7 października przyjęliśmy zgłoszenie uszkodzenia pojazdu marki hyundai, do którego doszło prawdopodobnie pomiędzy 4 a 6 października przy ulicy Szolc-Rogozińskiego na warszawskim Ursynowie — powiedział rzecznik mokotowskiej komendy podkom. Robert Koniuszy.

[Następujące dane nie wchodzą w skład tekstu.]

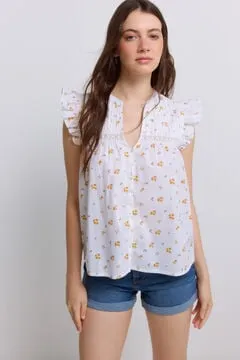 Blusa romántica pliegues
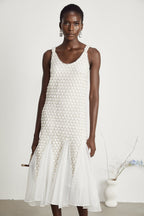 Isabeau tül midi elbise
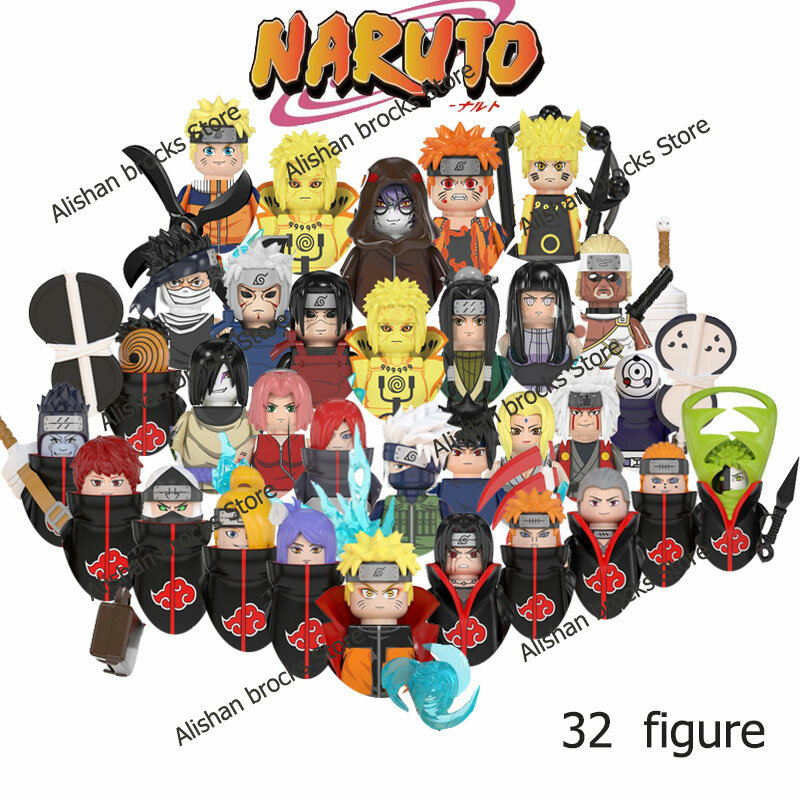 Naruto Anime Cartoon Building Blocks para Crianças, Mini Action Figures, Brinquedos de Montagem, Tijolos de Corpo Inteiro, Sasuke, Kakashi, Akatsuki, 8 peças por conjunto, 32 peças por conjunto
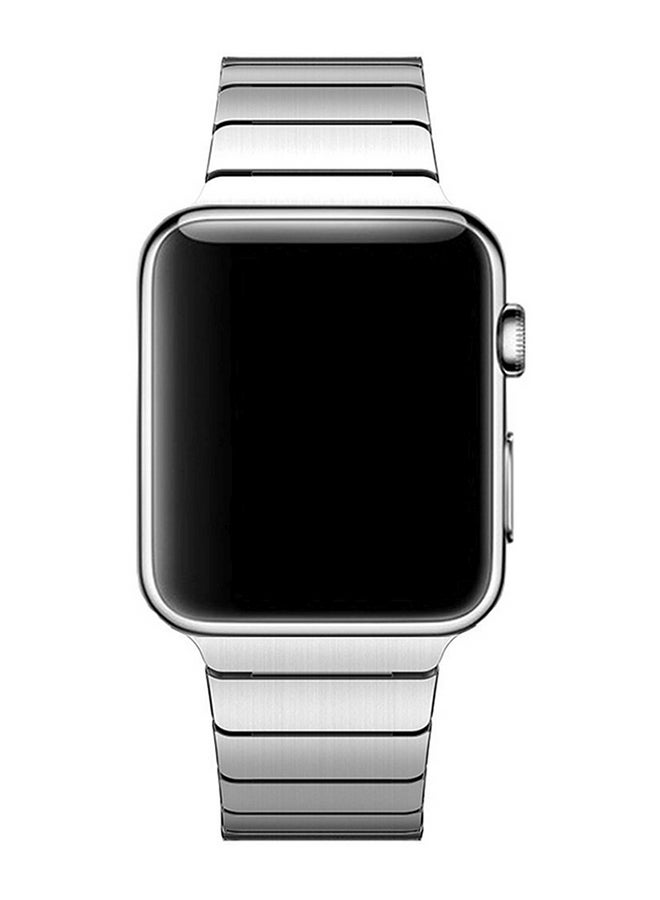 Stainless Steel Wristband Strap With Butterfly Clasp For 42mm Apple Watch Series 3/2/1 Silver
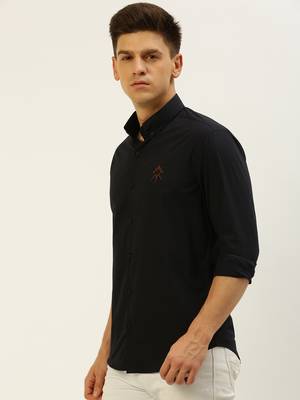 men's long sleeves gingham checks navy blue shirt 3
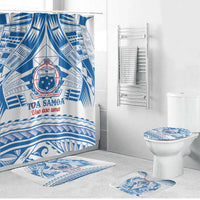 Toa Samoa Rugby Custom Bathroom Set Uso aso uma Samoan Pattern White - Polynesian Pride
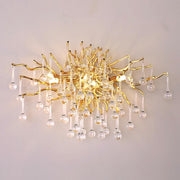 Rain Tree Crystal Teardrop Wall Sconce Gold Diameter 17" - GILDLAMPS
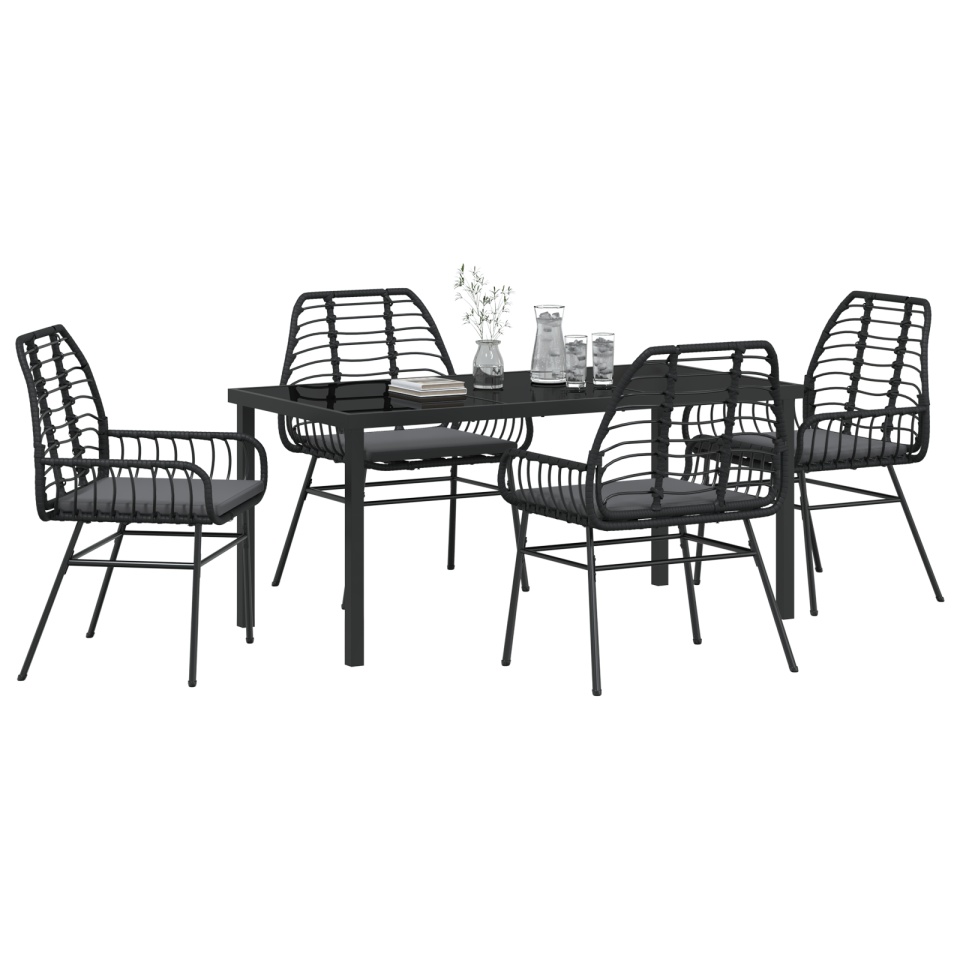 Set de dining de grădină 5 piese cu perne Negre din poliratan - 2 | YEO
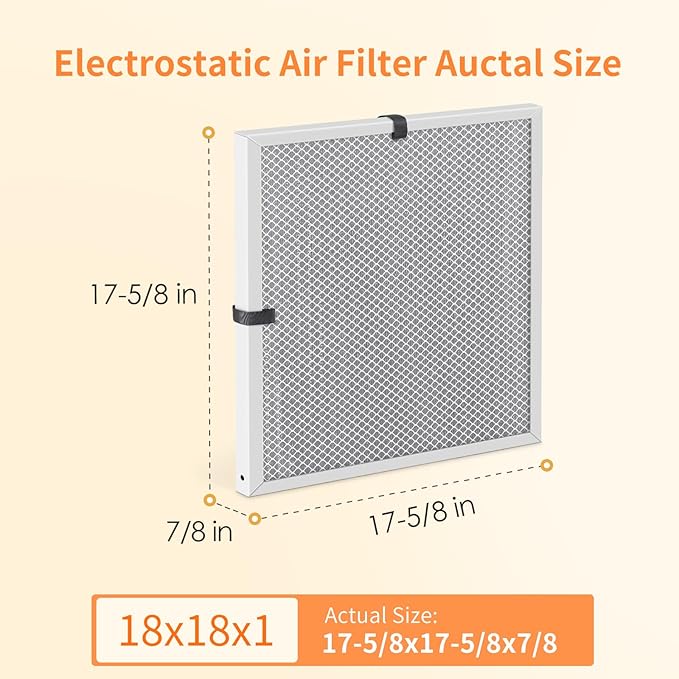2-Pack 18x18x1 MERV 8 Reusable & Washable Electrostatic Air Filters - Long-Lasting Filter for HVAC, Furnace & Air Conditioner Units, Actual Size: 17-5/8” x 17-5/8” x 7/8”
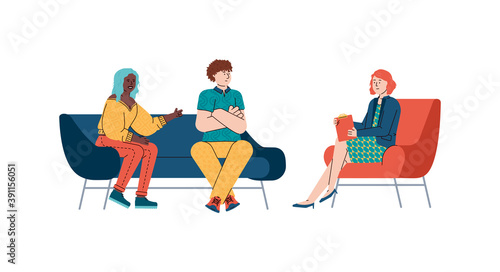 Family or couple psychologist consultation with people discussing relationships problems with psychiatrist, flat cartoon vector illustration isolated on white background.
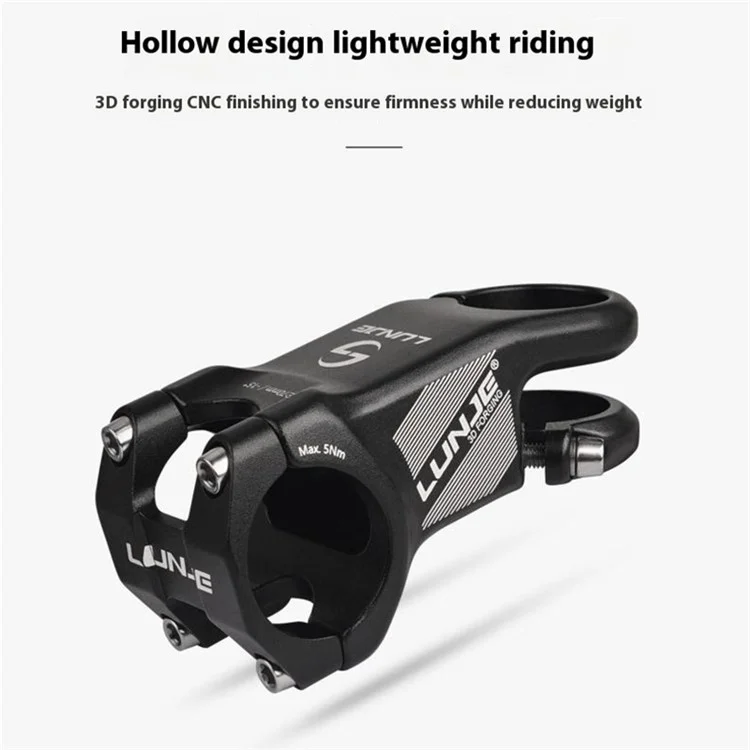 LUNJE XT-A012 Lega di Alluminio Bicicletta Anteriore Stem -15 Gradi Ultra-Leggera Manubrio Della Bicicletta Stem - Nero / 31.8x70mm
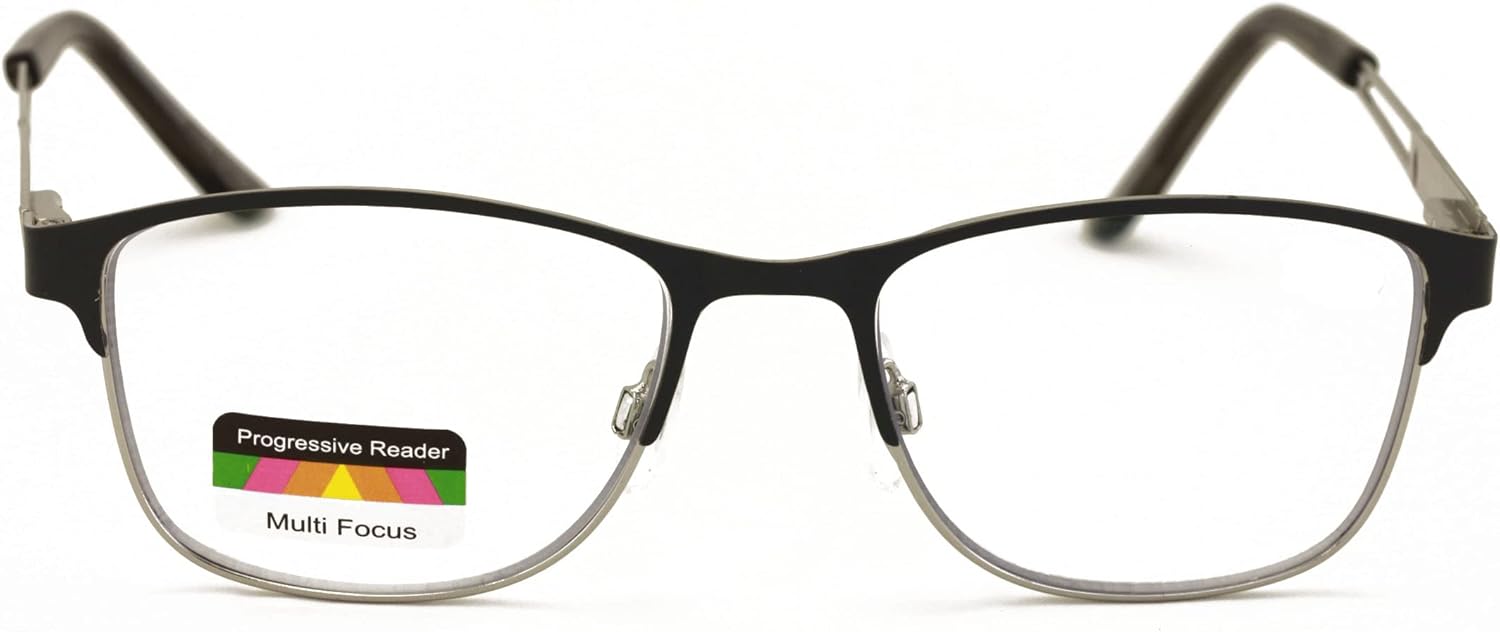 V.W.E. Lentes de lectura trifocales de metal sin línea para mujer, con revestimiento antirreflectante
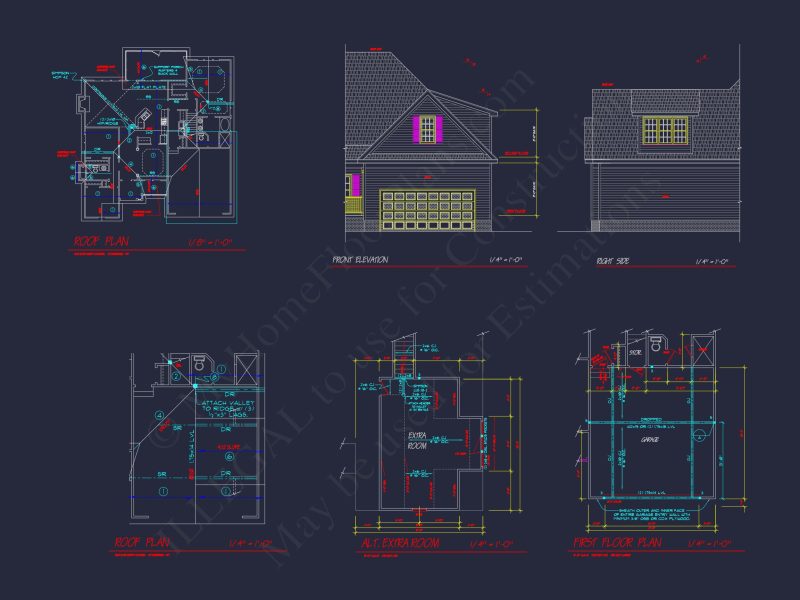 Stylish 2-Story house Plan with 3 Bedrooms, 2 Baths & CAD Designs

Wandale złapani na gorącym uczynku
Jak przekazał portal halourysnów.pl, kolejny ostrzał miał miejsce w ostatnią niedzielę. Wówczas zniszczone zostały kolejne dwa pojazdy, które również stały w tym samym miejscu. Świadkowie tym razem zauważyli świadków, jednak ci zbiegli z miejsca przestępstwa. Mieli to być dwaj młodzi mężczyźni w wieku od 16 do 20 lat. Byli zakapturzeni i ubrani w ciemne dresy, do ataku mieli używać broni krótkiej, rzucali też cegłówkami. Świadkowie twierdzą, że zgłosili ten incydent na policję, jednak służby nie potwierdzają, że takie powiadomienie miało miejsce.
Policja prosi o pomoc
Policja pracowała nad rozwikłaniem sprawy ostrzałów już w maju, od tamtego czasu minęło 5 miesięcy, jednak śledztwo wciąż nie przyniosło efektów. Służby nie wykluczają, że za wszystkimi atakami stoją ci sami sprawcy, jednak nie potrafią tego jednoznacznie stwierdzić.
Trudno jest powiązać te okoliczności, ponieważ tam były różnego rodzaju uszkodzenia na tych pojazdach. Nie wykluczamy takiej ewentualności, ale też trudno to w tej chwili połączyć — mówi Radiu Kolor podkom. Robert Koniuszy.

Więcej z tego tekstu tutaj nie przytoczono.